*** Opening of Material for this exercise ***

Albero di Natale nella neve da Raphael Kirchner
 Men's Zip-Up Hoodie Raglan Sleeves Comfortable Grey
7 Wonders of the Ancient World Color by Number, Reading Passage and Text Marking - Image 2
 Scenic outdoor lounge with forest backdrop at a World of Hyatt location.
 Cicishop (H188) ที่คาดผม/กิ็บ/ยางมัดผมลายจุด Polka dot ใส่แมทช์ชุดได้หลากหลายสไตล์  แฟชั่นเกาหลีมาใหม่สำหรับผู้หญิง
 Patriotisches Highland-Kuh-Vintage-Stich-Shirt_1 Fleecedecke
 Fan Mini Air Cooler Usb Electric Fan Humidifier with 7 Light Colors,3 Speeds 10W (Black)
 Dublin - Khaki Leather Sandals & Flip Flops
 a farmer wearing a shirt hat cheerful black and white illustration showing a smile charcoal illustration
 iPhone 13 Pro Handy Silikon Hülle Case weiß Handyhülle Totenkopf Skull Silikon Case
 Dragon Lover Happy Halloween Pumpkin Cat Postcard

*** Close of Material for this exercise ***

_Work request:_ Going through the data, count each line where the word "World" appears, and state only the total.

_Completed task:_ 2